The nmdc-schema Makefiles use the linkml-validate and linkml-run-examples CLIs for build-time validation of data
file,
both of which build upon JSON Schema validation. linkml-validate can even validate against TSV,
as long as the schema classes that are instantiated can reasonably be expressed in a table.
Programmers can learn more about the internals of these tools at https://linkml.io/linkml/data/validating-data.html
We can conceive of validating a data file at two levels
- The file should be syntactically correct
- The file should conform to the NMDC schema
Syntactically correct YAML or JSON
All tools, libraries, or scripts generating NMDC data SHOULD instantiate Python data classes from the nmdc-schema PyPI package. It is strongly discouraged to generate Python dicts or JSON by any method other than object instantiation, even using high-quality, standard JSON libraries. That practice may generate valid data files when first tested but is likely to degrade over time. That degradation can be difficult to debug.
Mike Farrah's yq
is a system dependency for the nmdc-schema. It can be used to validate legacy YAML and JSON data.
If malformed YAML or JSON is presented to linkml-validate, the error messages may not be as helpful as the messages
from yq or some other syntactical validator.

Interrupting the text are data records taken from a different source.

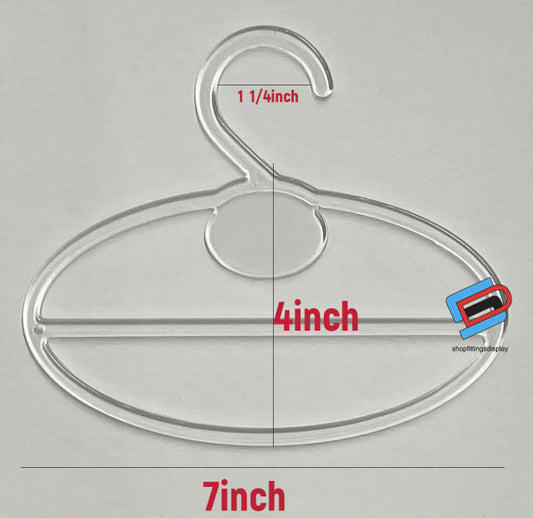 Scarf Hangers - 7 Inch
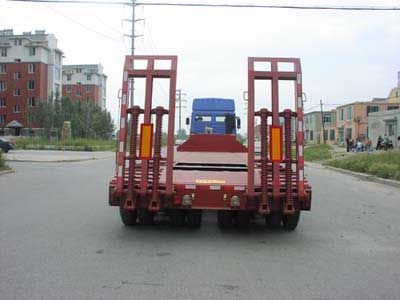 Zhengzheng  YAJ9401TDP Low flatbed semi-trailer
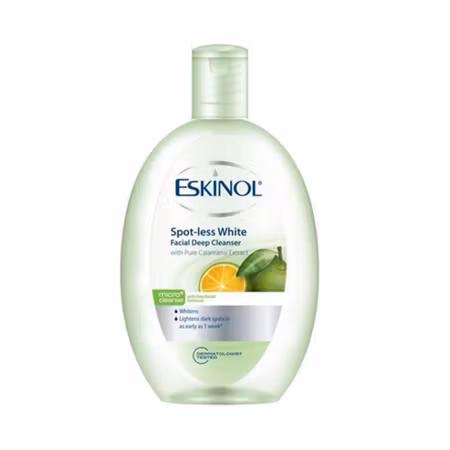 Eskinol Spot-less Glow Facial Deep Cleanser with Pure Calamansi Extract 225ml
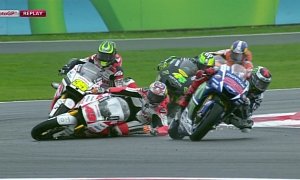 Jack Miller Handed One Penalty Point for Crashing into Crutchlow at Silverstone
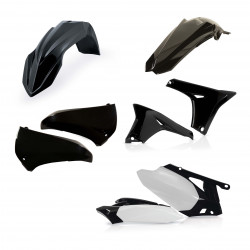 Kit Plastique Yamaha YZF450 10/13 - Noir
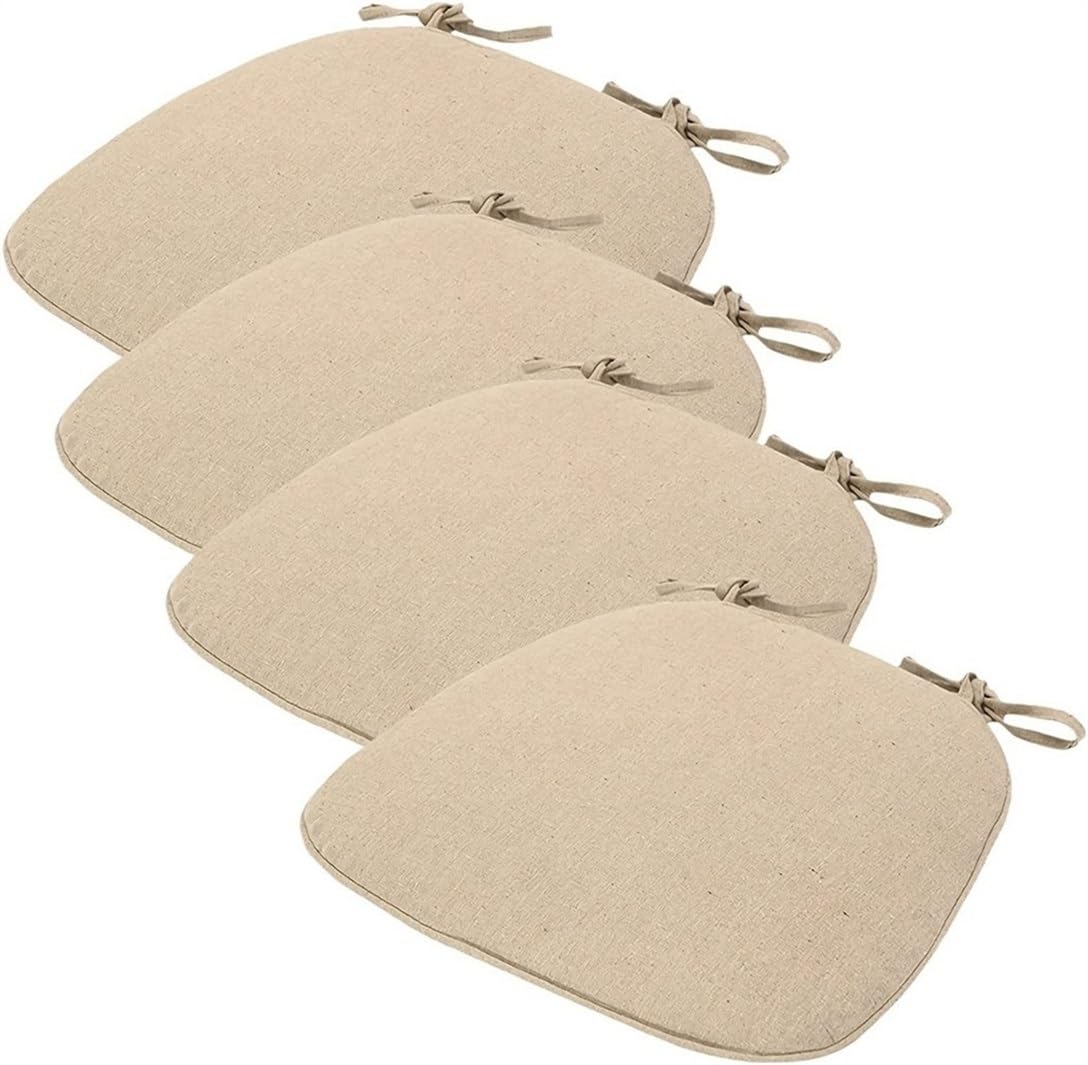 Coussin de chaise pour soulager l'assise rigide avec mousse éponge haute densité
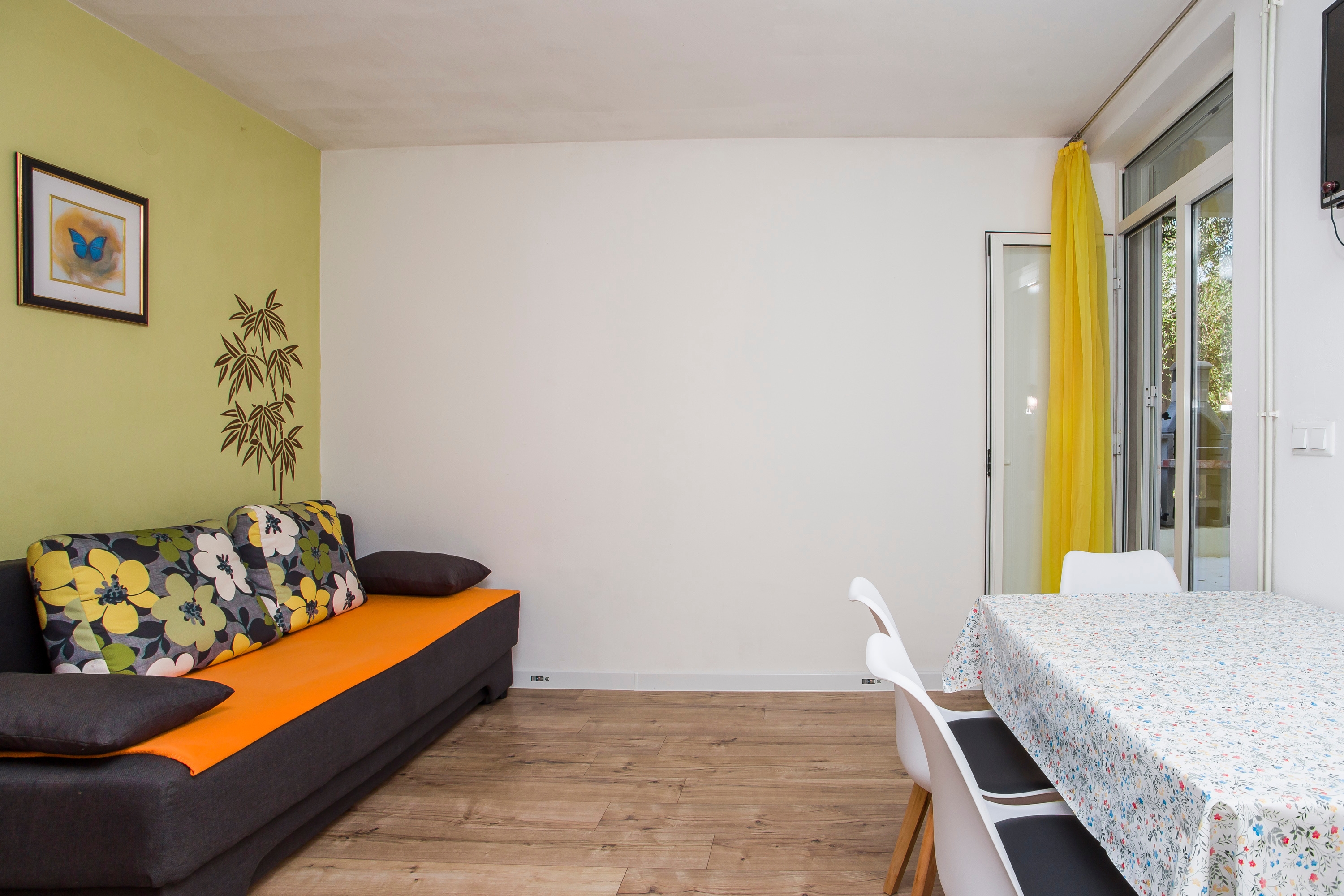 One bedroom apartment near beach Drače, Pelješac (A-4529-a)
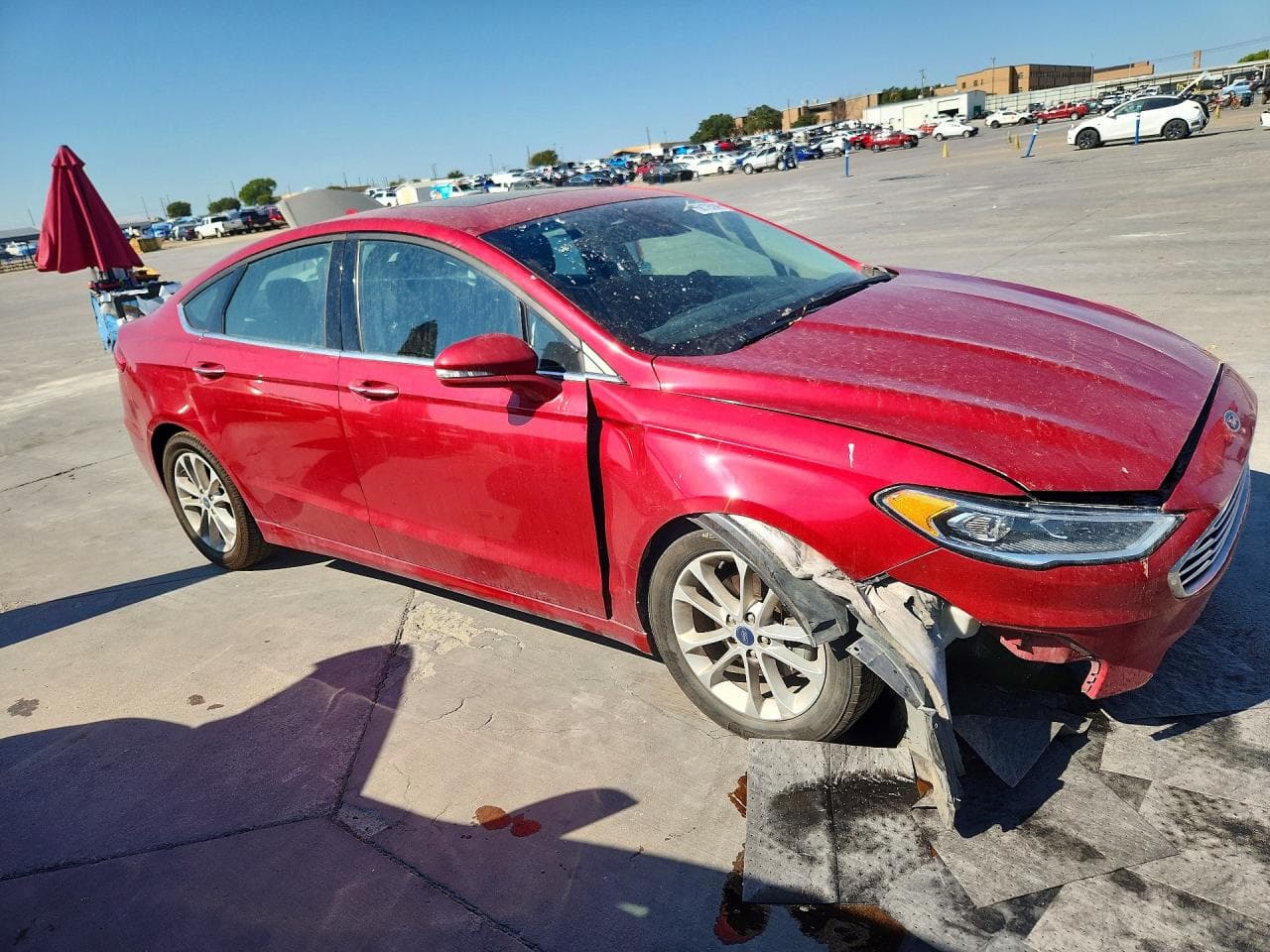 2020 Ford Fusion Sel - foto 4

What to do if the data do not validate
Start by reflecting on whether your data may be ahead of what the schema can currently account for.

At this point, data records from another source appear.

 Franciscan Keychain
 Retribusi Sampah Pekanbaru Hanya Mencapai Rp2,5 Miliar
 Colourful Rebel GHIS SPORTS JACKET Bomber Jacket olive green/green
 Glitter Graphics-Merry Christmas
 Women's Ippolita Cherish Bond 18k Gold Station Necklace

- The data are reasonable, but the schema needs to be extended or modified to account for it
- The schema really does provide support for your data, but you are just not adhering to it
For 1, you can make PR on the schema yaml. If you aren't comfortable editing LinkML YAML, then you can get help from one of the schema developers. We recommend filing a new ticket explaining the issue. Please include your error messages.

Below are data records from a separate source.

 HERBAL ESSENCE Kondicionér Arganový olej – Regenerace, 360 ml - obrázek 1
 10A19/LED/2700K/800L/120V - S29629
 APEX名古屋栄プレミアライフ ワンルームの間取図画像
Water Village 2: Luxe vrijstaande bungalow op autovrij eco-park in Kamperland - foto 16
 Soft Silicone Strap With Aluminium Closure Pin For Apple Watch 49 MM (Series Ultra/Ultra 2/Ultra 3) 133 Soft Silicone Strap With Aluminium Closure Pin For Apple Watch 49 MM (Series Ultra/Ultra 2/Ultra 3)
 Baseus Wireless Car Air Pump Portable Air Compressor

For 2, we suggest taking a minimal example approach. linkml-validate is very good at identifying schema violations
in small, syntactically valid data files. Debugging can be aided in pulling out single data instances
and first verifying that they are syntactically valid YAML or JSON. If you don't want to use yq, then you could paste
one instance into a website like https://jsonlint.com/.
A common issue in multi-instance files is using incorrect syntax for grouping the instances into a YAML or JSON array.
Using a small subsample of your data and an online linter as above can aide in debugging this.
Expectations of NMDC data producers
It is expected that data producers or transformers take the upfront initiative to validate their data.
Currently, not all providers of information to NMDC provide JSON - for example, GOLD is provided as database dumps, and an ETL process transforms this into JSON. In the future, we would like to move towards a situation where all information is provided as JSON.